Hubungan antara bangsa Indonesia dengan bumi, air, dan ruang angkasa diatur penggunaannya oleh negara. Negara sebagai organisasi kekuasaan tertinggi rakyat memiliki hak menguasai. Hak menguasai negara merupakan kewenangan negara untuk mengatur dan menyelenggarakan peruntukkan, penggunaan, persediaan dan pemeliharaan bumi, air dan ruang angkasa, menentukan dan mengatur hubungan hukum antara orang-orang dengan bumi, air dan ruang angkasa serta menentukan dan mengatur hubungan-hubungan hukum antara orang-orang dan perbuatan-perbuatan hukum mengenai bumi, air dan ruang angkasa. Secara fungsional kewenangan negara dilaksanakan oleh Kementerian ATR/BPN.

Hak menguasai negara untuk mengatur peruntukan tanah baik untuk kepentingan masyarakat sebagai individu maupun untuk kepentingan umum perlu mendapat perhatian dan perlakuan yang seimbang dan adil. Walaupun pada prinsipnya tanah memiliki fungsi sosial sebagaimana diatur dalam Pasal 6 UUPA dalam arti tanah dapat digunakan oleh negara apabila menyangkut kepentingan umum.
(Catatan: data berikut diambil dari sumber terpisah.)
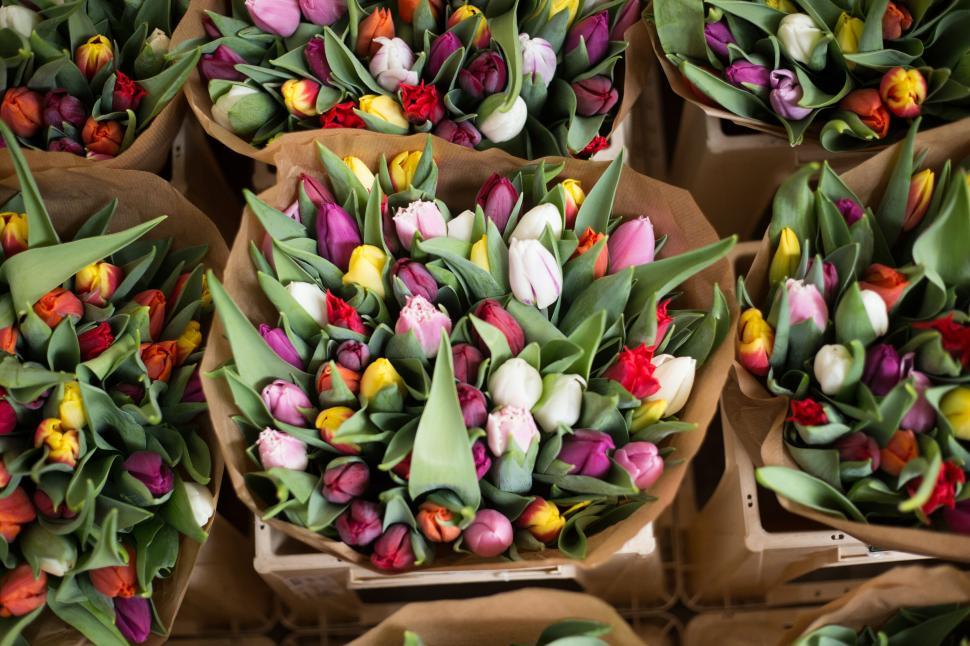 Free Image of A group of colorful tulips in a basket 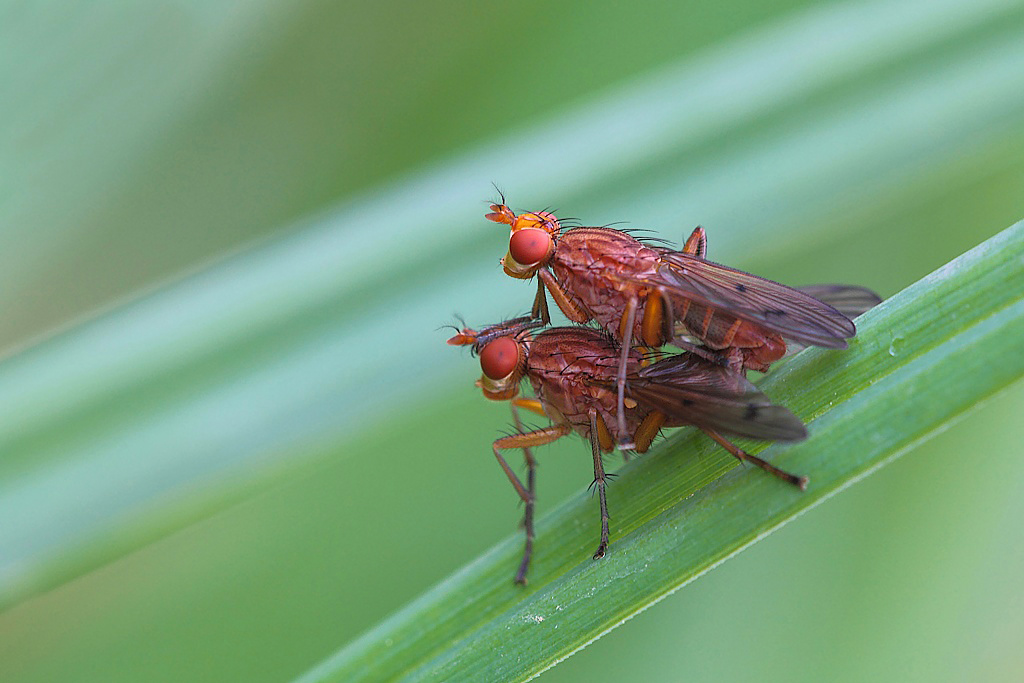 ...Effetto Primavera...!!!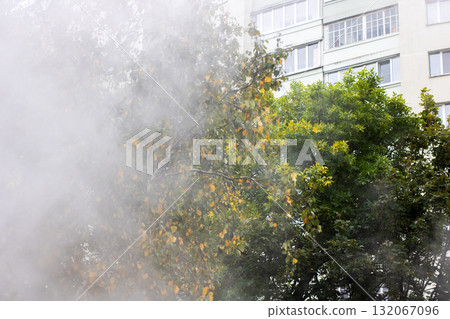 Urban Morning Mist Among Trees and Residential Building Windows 132067096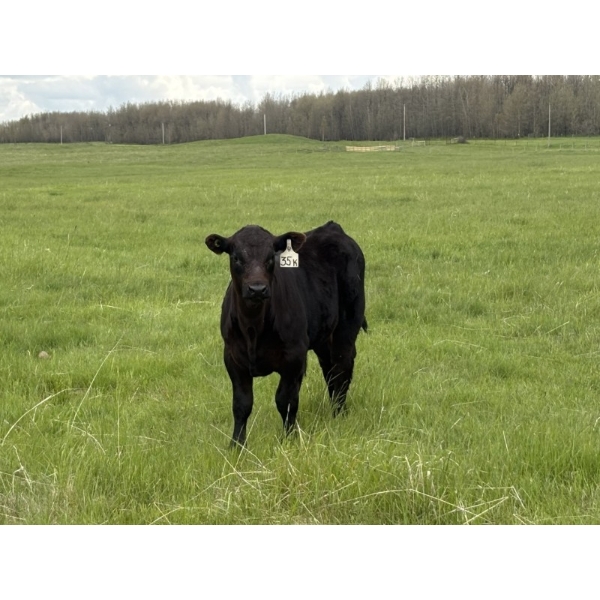 Box T Ranch - 560# October Delivery Steer Calves - 50 Head (Yeoford, AB)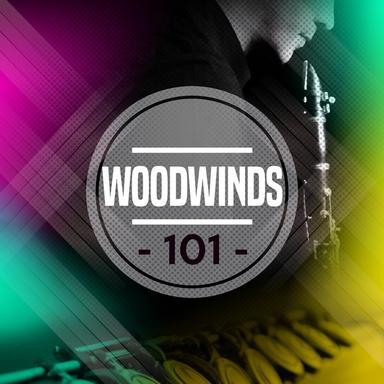 Flute Concerto in A, Wq 168 : 1. Allegro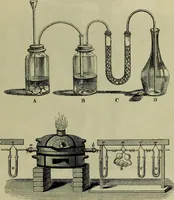 An illustration from A practical treatise on the use of the microscope, including the different methods of preparing and examining animal, vegetable, and mineral structures (1848)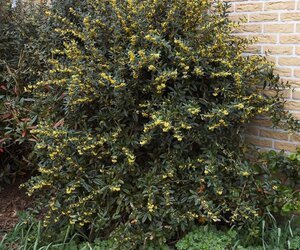 Berberis julianae 100-125 cm met kluit - afbeelding 1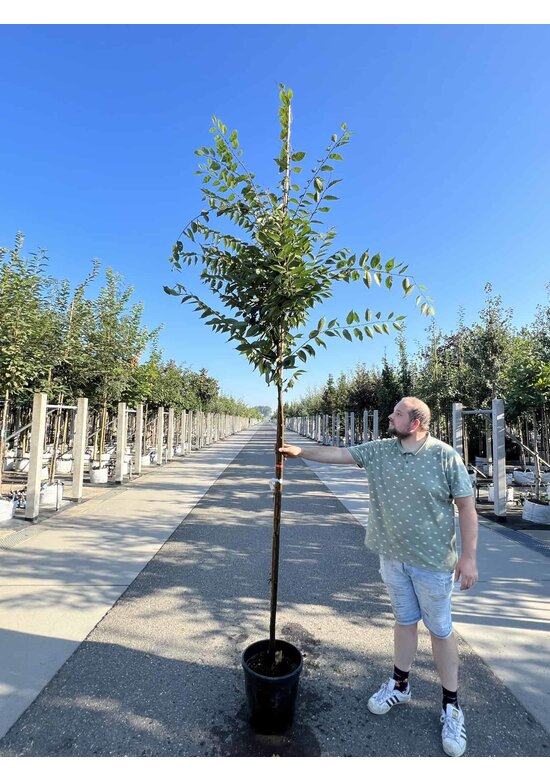 Zelkove 'Village Green' | Zelkova serrata 'Village Green'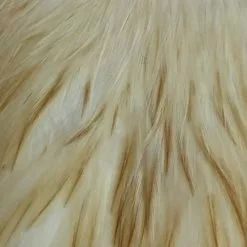 Materials Whiting American Hen Cape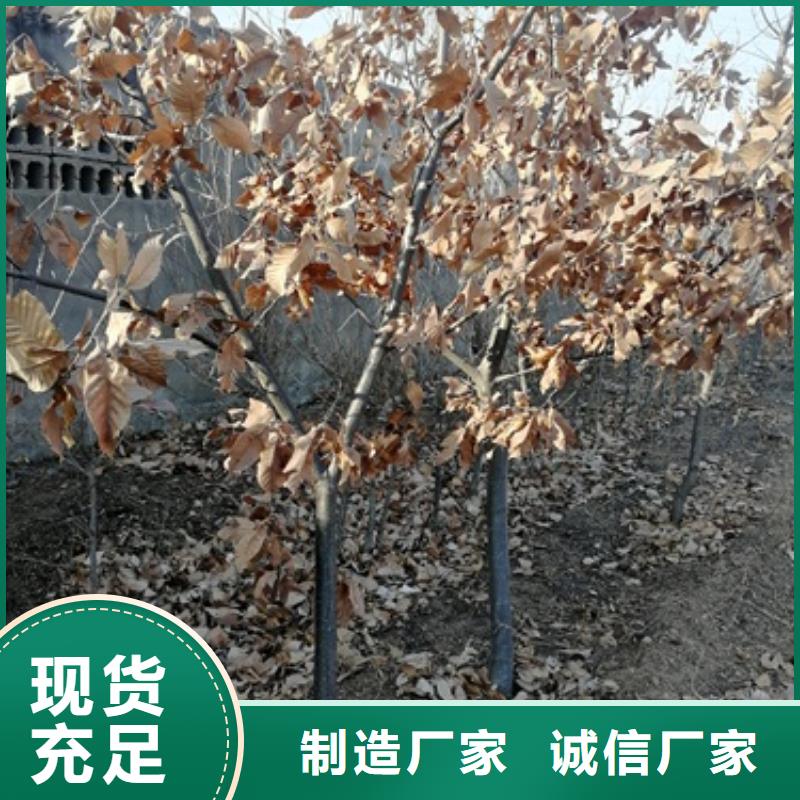 板栗苗花椒苗優良材質
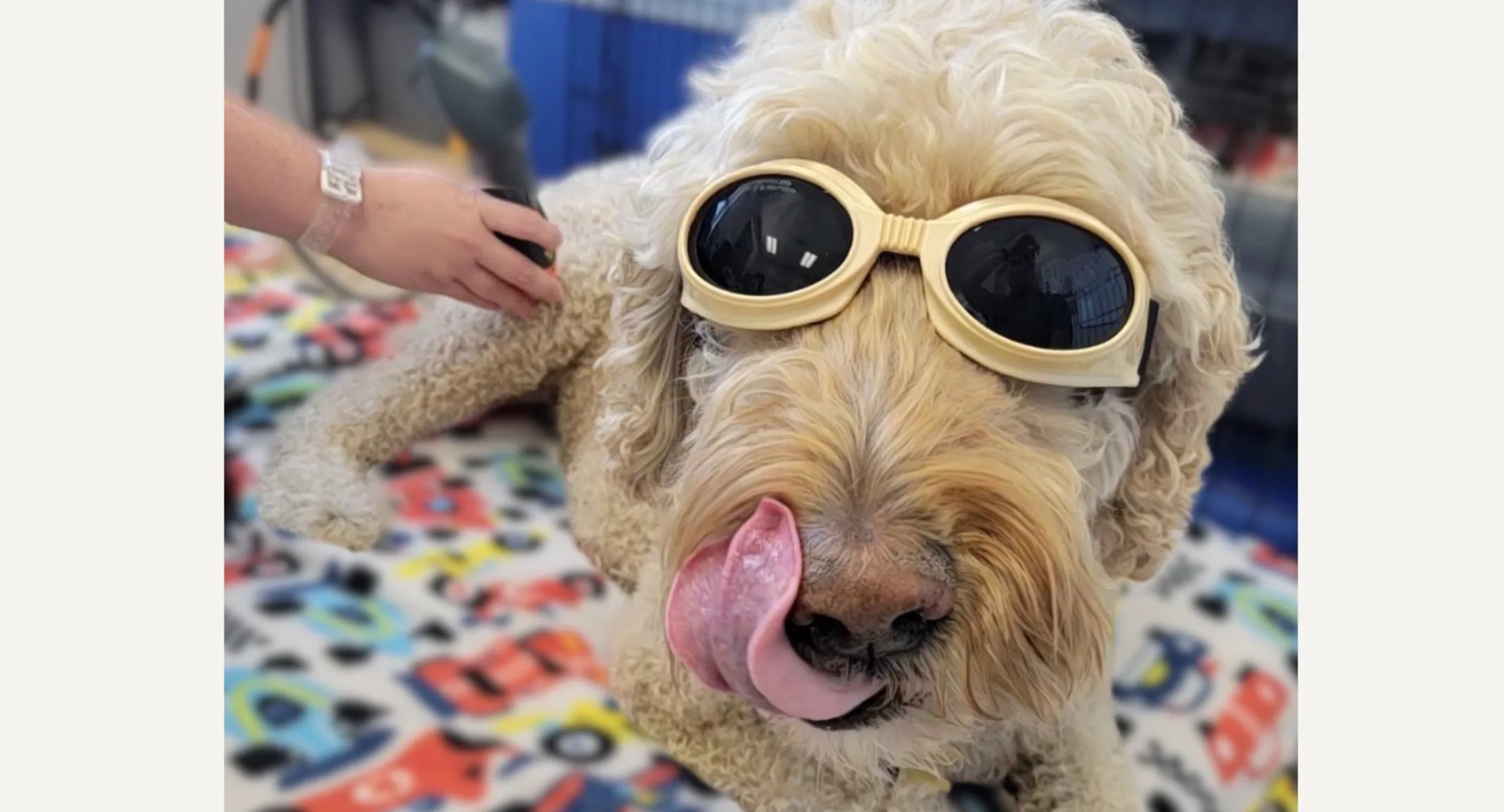 dog with laser goggles dog with laser goggles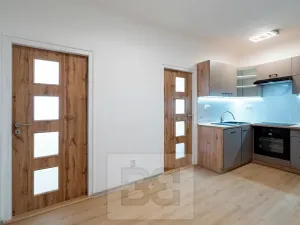 Pronájem bytu 2+1, Praha - Žižkov, Jana Želivského, 63 m2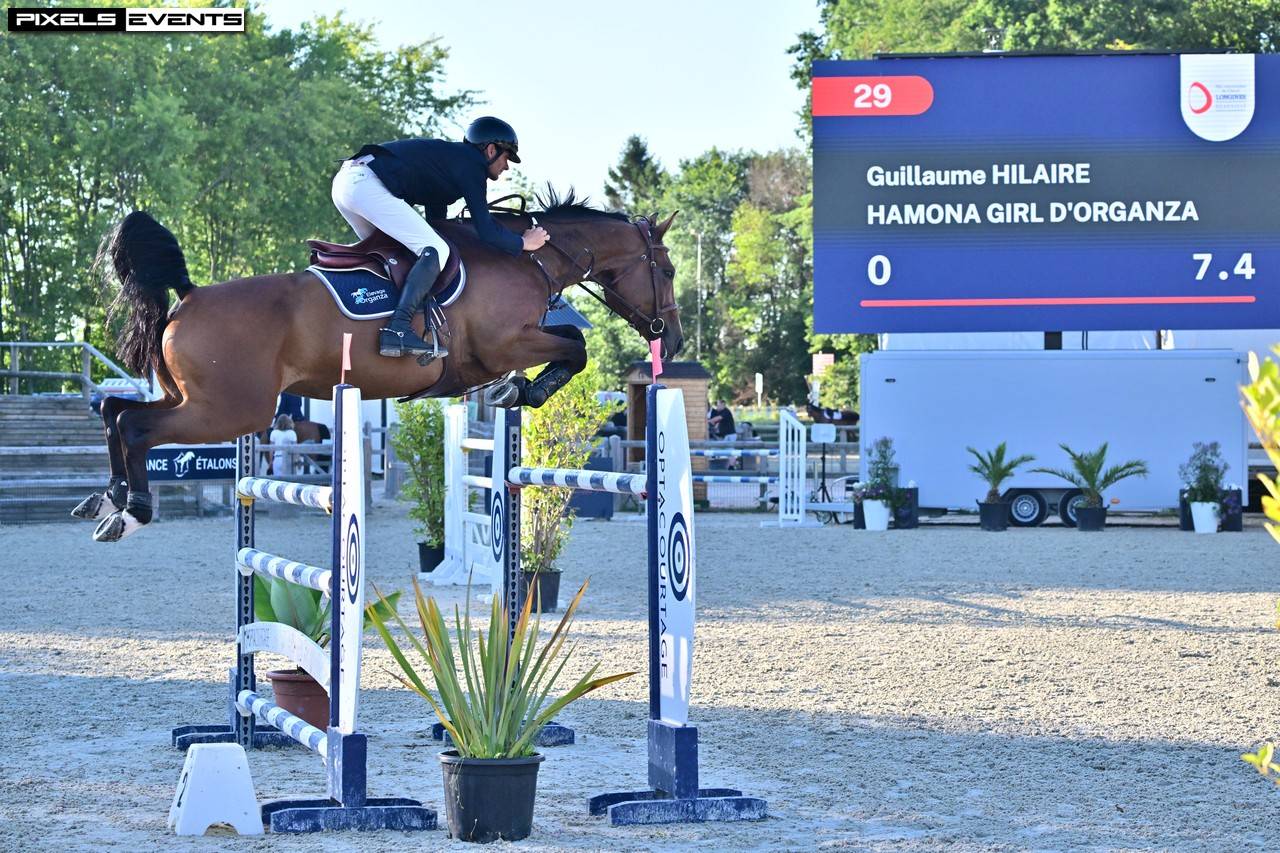 Foal m&acirc;le bai 2026, poulain d'avenir 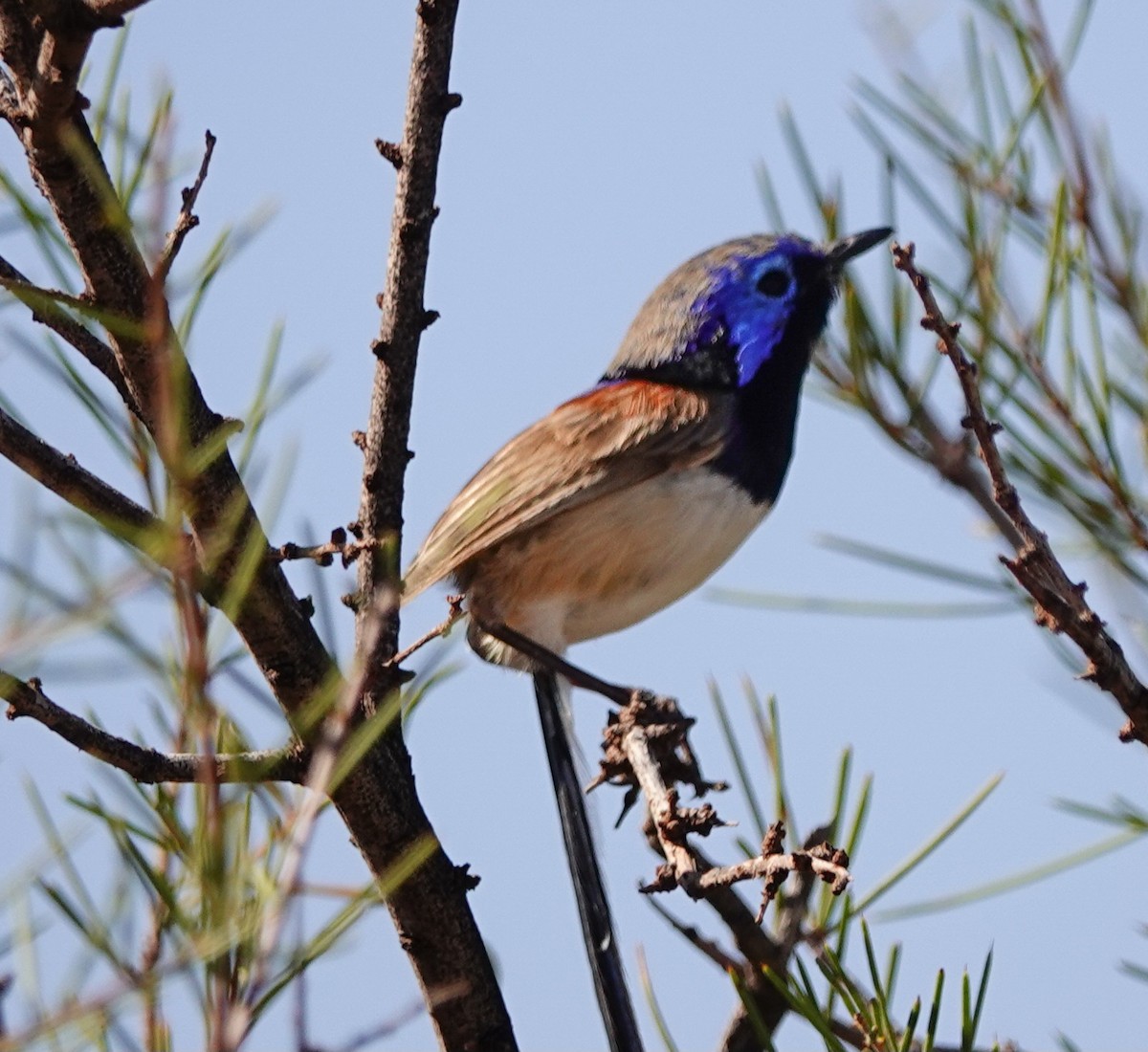 Purple-backed Fairywren - ML623591926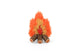 P.L.A.Y Camp Corbin Cozy Campfire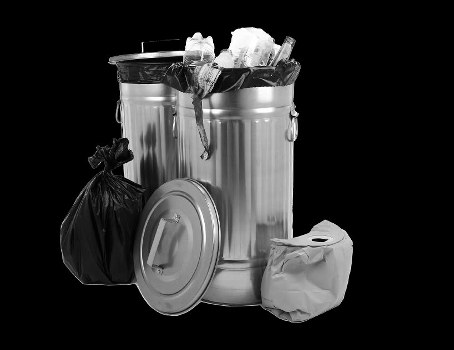 Professional waste removal team at work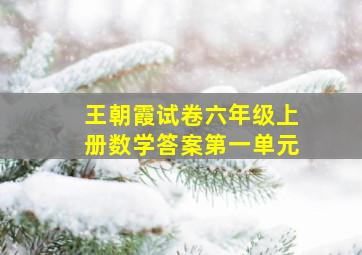 王朝霞试卷六年级上册数学答案第一单元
Serta adanya tanah yang berstatus Tanah Negara yaitu tanah yang belum memiliki hak atas tanah di atasnya, tidak merupakan tanah ulayat Masyarakat Hukum Adat, tanah wakaf, Barang Milik Negara/Daerah/desa atau BUMN/BUMD. Bagaimana saat negara memerlukan tanah yang akan digunakan untuk kepentingan umum seperti jalan, jembatan, waduk, pelabuhan, infrastruktur minyak, gas dan panas bumi atau akan digunakan untuk jaringan telekomunikasi dan informatika pemerintah, tentunya memerlukan luas tanah yang tidak sedikit. Beberapa ketentuan terkait yang mengatur mengenai saat negara memerlukan tanah yang bertujuan untuk terselenggaranya pembangunan untuk kepentingan umum serta dalam rangka mewujudkan masyarakat adil dan makmur dan sejahtera berdasarkan Pancasila dan UUD 1945 seperti diatur dalam UU Nomor 2 Tahun 2012 tentang Pengadaan Tanah Bagi Pembangunan Untuk Kepentingan Umum, Peraturan Presiden Nomor 3 Tahun 2018 tentang Percepatan Pelaksanaan Proyek Strategis Nasional sebagaimana telah diubah terakhir dengan Peraturan Presiden Nomor 56 Tahun 2018, serta UU Nomor 20 Tahun 2011 tentang Rumah Susun. Namun ketentuan ini dirasa masih kurang optimal, dimana saat kondisi negara memerlukan luas tanah yang tentunya tidak sedikit.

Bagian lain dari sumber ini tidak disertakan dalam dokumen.